Automotive Engineering Jobs

Knowledge Requirements
Automotive engineering encompasses mechanical and structural engineering and requires those working within the field to apply the principles of several scientific disciplines. These include physics, structural design, and materials analysis. Automotive engineering jobs also require a strong understanding of manufacturing principles and mechanical system design and operation methods.

These engineers may also need to be knowledgeable in several other areas of engineering, including safety, power, electronics, and software. Many engineers working in the automotive field will specialize in a particular area, allowing them to become experts in their realm. This often results in higher pay and better job security.

Project Leaders
Some of the most well educated, experiences, and skilled automotive engineers are those who are able to oversee projects in new business or product development. These automotive engineering jobs are responsible to leading a design, engineering and manufacturing team that take new products from conceptualization through production. Such engineering roles are highly compensated in the marketplace and also require candidates to have strong “soft” skills in addition to technical know-how.

Communication and leadership are among the soft skills necessary for engineers to be successful in overseeing team-based automotive engineering development projects. While the job market is jam packed with highly skilled technical engineers, it is a wide open playing field for those with a more well-rounded skill set.

Specialties in the Field
There are a number of specialized automotive engineering jobs to be found in the field. These positions may focus on a particular kind of system, structure or function of vehicles, or it may be a certain subset of vehicles.

For example, an automotive engineer may specialize in the design of vehicle bodies, in which case he or she would be required to possess superior knowledge of structural design principles. Or, the engineer may specialize in the development of guidance or navigation systems, in which case he or she would need to be quite knowledgeable in computer science and software applications.

Those engineering jobs that specialize in vehicle subsets may include the design, development, and manufacture of passenger or commercial, land-based transportation vehicles. The engineer may be an expert on passenger or transportation trains, motorcycles, school or public transit buses, passenger cars, or military transport vehicles.

Regardless of the area in which the engineer specializes, he or she may also be an expert within that particular subsector of the automotive engineering field. This means that there are highly knowledgeable engineers who are able to design and develop new components, structures and systems for a specific kind of vehicle. For example, there are automotive engineering jobs that work only with the guidance systems found in military transport vehicles.

A Career in Automotive

Would you like to make “I’m a rambling wreck from Georgia Tech and a heck of an engineer” a reality in your life? Have you always enjoyed tinkering around with cars and figuring out what made stuff work? Does being a team player developing products that are the cutting edge of technology appeal to you? Then automotive engineering might be the career for you.

Generally, an automotive engineer is one who works on the design or manufacture of automobiles. The word design is slightly misleading since an automotive designer is a stylist basically concerned with the appearance of the automobile while the engineer specializes in the performance of the automobile and its components.
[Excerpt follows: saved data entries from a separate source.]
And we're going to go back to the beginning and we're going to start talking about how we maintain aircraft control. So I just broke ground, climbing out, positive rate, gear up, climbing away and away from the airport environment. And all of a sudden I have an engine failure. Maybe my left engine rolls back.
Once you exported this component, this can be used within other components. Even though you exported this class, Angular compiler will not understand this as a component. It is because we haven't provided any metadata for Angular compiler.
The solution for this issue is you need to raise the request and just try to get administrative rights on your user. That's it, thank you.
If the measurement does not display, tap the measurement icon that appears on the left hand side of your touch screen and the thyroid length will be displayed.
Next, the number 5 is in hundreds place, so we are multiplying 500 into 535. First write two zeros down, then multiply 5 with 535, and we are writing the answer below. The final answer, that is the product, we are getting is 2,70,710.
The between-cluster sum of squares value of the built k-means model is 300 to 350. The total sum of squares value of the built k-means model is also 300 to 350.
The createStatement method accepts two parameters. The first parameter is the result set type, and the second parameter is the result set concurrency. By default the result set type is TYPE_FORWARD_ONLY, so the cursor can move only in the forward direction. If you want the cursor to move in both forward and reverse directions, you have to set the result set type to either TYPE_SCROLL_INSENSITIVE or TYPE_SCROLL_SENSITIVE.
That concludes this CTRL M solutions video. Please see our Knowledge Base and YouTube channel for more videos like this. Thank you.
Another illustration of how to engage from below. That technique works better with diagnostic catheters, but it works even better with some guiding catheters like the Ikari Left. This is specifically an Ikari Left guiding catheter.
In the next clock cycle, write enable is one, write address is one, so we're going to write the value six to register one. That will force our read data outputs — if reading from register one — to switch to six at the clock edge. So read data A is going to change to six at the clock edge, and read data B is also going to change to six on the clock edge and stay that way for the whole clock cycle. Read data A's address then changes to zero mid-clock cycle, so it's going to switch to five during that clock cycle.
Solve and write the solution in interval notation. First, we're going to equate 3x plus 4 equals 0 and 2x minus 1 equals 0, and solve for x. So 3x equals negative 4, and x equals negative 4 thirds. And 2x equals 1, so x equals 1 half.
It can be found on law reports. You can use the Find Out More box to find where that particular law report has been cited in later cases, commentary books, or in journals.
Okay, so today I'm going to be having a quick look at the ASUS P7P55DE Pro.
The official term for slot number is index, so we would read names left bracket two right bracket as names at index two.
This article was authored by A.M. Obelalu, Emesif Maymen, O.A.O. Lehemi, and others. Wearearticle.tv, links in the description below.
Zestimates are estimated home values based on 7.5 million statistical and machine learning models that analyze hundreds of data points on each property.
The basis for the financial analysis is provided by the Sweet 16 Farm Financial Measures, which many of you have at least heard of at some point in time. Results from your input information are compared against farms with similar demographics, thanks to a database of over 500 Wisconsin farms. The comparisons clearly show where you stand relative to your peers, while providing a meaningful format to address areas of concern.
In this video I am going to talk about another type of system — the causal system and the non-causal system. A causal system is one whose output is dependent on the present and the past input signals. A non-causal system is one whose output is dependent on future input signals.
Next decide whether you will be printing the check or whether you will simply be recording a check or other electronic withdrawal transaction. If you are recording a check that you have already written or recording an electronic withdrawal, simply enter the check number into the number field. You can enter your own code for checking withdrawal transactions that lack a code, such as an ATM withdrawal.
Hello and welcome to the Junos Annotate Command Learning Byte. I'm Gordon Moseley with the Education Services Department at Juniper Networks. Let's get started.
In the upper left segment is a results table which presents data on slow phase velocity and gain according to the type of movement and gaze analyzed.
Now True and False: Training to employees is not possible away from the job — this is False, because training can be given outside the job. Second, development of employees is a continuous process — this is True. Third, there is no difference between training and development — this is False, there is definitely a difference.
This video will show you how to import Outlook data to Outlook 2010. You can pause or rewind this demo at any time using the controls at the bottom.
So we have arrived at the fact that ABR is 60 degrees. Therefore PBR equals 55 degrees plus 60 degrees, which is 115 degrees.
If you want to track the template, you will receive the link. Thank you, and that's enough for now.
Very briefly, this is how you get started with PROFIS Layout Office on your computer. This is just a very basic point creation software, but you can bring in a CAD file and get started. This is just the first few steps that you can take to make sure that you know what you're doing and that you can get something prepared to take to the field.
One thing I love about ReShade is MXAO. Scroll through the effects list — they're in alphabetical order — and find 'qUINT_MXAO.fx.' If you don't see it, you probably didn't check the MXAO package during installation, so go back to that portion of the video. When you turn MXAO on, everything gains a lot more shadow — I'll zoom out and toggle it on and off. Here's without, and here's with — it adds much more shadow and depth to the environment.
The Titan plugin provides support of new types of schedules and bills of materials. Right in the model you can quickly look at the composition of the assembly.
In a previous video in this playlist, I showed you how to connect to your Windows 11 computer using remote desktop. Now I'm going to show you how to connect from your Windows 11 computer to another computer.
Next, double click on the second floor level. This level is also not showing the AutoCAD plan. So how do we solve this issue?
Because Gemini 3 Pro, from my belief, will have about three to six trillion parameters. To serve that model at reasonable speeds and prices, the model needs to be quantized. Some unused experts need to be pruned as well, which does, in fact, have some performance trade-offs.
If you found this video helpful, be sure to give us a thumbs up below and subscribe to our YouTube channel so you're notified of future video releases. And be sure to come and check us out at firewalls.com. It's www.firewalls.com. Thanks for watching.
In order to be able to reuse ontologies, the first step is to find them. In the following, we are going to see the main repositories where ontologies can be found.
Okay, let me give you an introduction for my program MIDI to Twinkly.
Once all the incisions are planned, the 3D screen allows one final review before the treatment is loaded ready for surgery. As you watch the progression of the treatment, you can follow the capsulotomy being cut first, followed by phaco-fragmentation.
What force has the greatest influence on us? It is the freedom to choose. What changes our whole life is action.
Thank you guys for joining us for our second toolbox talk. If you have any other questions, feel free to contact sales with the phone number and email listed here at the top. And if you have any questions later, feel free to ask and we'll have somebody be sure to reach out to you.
The engineer works on developing new or improved structural parts, engines, transmissions and suspension systems. The engineer is involved in production cost estimation, reduction of production costs and implementing cost/quality control improvements. The engineer must be sure that the product meets all federal regulations. In the case of new designs, it is the engineer who determines driveability.

According to the U.S. Department of Labor Dictionary of Occupational Titles, automotive engineering is a sub-specialty of mechanical engineering.

Even though the automotive manufacturing industry is in a slump at this time, there is still a demand for engineers due to the current focus on fuel economy and alternate fueled vehicles. The field is expected to grow as fast as average through 2014.

While there are global opportunities for automotive engineers in countries as far flung as Malaysia and the United Kingdom, most jobs within the US are centered in the Midwest since that is the major location of the auto industry. The big three employers in the United States are Ford, General Motors and Daimler-Chrysler.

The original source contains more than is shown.